During that period, we moved from Ohio to Florida. The emotional aftermath of that took years to process. Shortly thereafter, my father died. I wrote furiously in my Journal. Fiction writing was totally out of the question at that point in my life. I wasn't strong enough to risk it.

In 2006, I discovered blogging. I wrote two different blogs, one that involved serious reflections and the other my lame attempts at writing humorous observation. I'm very proud of some of the stuff I wrote during that period. In early 2008, I switched identities and combined all my writing on one blog.  This blog is kind of all over the place, and it probably violates all the "rules" for what a good blog might be, but I like some of the stuff I have written here.  The crap in between the gems is merely there as a testament to my commitment to write regularly. When I'm not blogging, I'm writing fiction. When I hit a dry spell writing fiction, I blog. Either way, I'm writing nearly every single day.

In September 2005, Always Faithful was born. I was lying in the pool, half asleep and feeling really awful about our country, what with the wars, Hurricane Katrina, George Bush, etc.  I started contemplating what was good and decent about America.  I started thinking about growing up in the midwest, with people who believed in the real American values and were living the American Dream.  Two characters suddenly appeared to me. They insisted I get out of the pool, go inside and write down their story. 

I finished the first draft in something like six weeks. Since then, I have written nine complete novel manuscripts. [I type a lot faster than I could write longhand, and I can type for hours without getting writers cramp!] I have two more in progress right now. I wrote all that in about three and a half years, while blogging quite a lot and working full time at a job that involves a LOT of writing. Holy cow! I must be nuts, or I had stored up a lot of stuff over the years. 

The key that opened the flood-gates was making the commitment to write something every day. Sometime in early 2005 I ran across the quote that said: "Would-be writers write when they are inspired. Real writers write every day." I made the commitment to write every day. Immediately, the quality of my writing began to improve. I found stories popping up from everywhere, demanding to be written.
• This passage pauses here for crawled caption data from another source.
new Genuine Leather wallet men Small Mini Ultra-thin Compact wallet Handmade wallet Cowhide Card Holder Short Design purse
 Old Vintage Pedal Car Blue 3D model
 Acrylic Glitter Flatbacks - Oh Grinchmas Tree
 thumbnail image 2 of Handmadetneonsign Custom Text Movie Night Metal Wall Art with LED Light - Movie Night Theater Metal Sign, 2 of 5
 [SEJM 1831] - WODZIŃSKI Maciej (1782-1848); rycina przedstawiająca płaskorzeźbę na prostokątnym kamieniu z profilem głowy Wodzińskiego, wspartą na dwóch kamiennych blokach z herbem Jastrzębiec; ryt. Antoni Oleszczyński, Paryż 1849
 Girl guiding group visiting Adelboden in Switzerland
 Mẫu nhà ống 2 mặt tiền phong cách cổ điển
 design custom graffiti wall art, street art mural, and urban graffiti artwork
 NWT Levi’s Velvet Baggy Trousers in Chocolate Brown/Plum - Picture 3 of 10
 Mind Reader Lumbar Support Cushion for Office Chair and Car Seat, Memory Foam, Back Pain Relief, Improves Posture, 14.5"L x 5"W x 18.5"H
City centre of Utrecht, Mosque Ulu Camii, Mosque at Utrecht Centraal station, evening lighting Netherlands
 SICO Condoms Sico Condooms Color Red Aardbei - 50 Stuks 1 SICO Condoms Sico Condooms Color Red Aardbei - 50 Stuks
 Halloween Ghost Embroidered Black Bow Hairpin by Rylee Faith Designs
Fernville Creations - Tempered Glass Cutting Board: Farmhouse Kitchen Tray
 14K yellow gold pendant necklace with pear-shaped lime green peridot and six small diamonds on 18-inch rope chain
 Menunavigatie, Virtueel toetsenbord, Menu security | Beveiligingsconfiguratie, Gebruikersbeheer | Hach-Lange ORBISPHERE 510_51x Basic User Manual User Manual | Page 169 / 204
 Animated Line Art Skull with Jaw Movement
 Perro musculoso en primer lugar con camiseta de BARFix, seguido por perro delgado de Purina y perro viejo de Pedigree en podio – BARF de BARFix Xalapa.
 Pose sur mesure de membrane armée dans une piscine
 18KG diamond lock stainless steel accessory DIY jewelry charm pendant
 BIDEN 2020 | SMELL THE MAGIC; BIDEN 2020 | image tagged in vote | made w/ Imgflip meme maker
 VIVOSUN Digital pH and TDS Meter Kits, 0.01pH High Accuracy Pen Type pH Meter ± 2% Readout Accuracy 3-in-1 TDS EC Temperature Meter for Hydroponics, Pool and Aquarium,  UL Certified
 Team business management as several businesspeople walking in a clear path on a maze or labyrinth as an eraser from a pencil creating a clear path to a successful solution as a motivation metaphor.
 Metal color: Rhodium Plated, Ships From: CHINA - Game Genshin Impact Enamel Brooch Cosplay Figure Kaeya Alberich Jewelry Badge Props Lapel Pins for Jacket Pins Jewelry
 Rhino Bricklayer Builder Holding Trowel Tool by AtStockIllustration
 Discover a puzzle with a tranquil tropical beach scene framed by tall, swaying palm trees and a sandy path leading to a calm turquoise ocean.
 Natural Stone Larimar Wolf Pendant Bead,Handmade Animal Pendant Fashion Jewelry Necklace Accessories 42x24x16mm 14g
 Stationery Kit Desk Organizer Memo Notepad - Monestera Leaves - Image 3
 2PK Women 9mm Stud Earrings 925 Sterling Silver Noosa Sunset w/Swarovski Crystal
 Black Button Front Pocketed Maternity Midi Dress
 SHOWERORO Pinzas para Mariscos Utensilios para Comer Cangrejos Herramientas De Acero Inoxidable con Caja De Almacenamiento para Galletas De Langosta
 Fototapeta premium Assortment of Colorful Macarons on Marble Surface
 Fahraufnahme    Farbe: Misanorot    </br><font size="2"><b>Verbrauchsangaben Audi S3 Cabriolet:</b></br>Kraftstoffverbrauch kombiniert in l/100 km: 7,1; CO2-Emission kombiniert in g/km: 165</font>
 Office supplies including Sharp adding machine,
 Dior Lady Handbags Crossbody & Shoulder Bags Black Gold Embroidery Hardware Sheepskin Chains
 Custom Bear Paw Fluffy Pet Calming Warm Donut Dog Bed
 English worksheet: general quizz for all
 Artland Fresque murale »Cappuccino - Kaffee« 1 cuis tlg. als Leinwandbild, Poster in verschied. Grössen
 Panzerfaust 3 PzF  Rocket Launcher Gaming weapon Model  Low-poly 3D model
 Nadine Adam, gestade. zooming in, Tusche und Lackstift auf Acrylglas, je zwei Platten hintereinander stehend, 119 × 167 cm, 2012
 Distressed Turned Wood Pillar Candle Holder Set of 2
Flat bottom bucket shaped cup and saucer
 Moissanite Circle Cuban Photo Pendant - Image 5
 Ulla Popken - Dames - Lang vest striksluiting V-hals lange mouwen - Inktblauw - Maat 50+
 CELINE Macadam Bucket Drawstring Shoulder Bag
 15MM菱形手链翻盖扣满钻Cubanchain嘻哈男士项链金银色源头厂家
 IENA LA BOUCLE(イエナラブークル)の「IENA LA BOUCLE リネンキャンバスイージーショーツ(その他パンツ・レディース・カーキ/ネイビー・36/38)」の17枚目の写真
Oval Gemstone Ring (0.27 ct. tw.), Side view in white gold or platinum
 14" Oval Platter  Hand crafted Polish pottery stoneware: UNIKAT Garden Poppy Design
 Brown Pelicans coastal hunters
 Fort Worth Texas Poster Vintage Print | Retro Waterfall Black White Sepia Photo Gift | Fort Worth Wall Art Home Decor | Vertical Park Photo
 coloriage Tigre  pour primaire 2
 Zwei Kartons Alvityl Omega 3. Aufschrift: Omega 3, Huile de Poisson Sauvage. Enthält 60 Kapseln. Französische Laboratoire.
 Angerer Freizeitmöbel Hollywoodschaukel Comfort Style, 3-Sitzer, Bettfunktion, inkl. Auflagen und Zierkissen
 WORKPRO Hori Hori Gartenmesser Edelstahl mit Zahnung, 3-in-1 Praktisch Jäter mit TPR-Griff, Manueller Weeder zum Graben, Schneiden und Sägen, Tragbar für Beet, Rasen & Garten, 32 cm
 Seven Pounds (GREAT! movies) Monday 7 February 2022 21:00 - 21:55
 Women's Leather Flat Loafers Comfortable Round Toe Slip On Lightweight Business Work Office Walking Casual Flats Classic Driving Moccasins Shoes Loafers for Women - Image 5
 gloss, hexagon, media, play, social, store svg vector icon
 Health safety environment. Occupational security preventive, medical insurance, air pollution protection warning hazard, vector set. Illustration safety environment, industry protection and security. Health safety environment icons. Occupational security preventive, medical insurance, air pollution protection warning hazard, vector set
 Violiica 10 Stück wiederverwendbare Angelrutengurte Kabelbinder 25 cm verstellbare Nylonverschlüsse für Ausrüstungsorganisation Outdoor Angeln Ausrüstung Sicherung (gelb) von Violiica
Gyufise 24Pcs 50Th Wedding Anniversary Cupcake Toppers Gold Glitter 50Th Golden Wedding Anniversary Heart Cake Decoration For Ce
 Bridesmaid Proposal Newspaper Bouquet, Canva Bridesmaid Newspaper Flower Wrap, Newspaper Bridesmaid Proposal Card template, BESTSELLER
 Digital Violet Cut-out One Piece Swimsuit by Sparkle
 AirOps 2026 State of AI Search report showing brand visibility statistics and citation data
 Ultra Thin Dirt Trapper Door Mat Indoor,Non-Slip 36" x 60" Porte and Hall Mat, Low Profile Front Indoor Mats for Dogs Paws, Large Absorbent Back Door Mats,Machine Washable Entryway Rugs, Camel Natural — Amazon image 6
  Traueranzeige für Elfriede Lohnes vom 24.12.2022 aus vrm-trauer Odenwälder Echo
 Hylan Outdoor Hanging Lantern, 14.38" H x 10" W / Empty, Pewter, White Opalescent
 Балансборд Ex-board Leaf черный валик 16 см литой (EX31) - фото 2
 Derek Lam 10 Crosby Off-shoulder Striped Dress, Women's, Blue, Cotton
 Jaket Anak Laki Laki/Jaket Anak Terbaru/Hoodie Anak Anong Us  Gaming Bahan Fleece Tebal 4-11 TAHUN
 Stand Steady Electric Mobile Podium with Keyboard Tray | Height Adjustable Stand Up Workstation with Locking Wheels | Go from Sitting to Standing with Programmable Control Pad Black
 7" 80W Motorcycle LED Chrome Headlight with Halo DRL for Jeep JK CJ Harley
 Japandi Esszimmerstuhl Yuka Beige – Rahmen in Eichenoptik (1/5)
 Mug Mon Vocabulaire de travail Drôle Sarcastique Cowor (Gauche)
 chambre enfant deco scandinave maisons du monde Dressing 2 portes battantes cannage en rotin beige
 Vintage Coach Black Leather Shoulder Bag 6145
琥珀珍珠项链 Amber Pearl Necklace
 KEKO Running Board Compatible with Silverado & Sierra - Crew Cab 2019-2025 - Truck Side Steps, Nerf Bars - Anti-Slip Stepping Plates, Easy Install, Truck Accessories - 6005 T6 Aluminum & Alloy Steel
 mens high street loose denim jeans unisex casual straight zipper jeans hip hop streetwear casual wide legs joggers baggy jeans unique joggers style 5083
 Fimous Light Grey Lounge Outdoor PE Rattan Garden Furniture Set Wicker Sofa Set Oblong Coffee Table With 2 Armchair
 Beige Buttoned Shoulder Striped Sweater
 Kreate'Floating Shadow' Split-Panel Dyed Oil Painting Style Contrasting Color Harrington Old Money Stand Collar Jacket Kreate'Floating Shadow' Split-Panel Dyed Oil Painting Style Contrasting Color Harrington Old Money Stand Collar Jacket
I obeyed my characters' bidding to write their story, and I've written a bunch of other stories as well. I have barely taken a break. Lately it has started feeling a bit more like a chore than my greatest passion. I am committed to taking a break from fiction for a few weeks in the belief that it will allow me to fall in love with it again, and (maybe) allow some new ideas for future projects to bubble to the surface.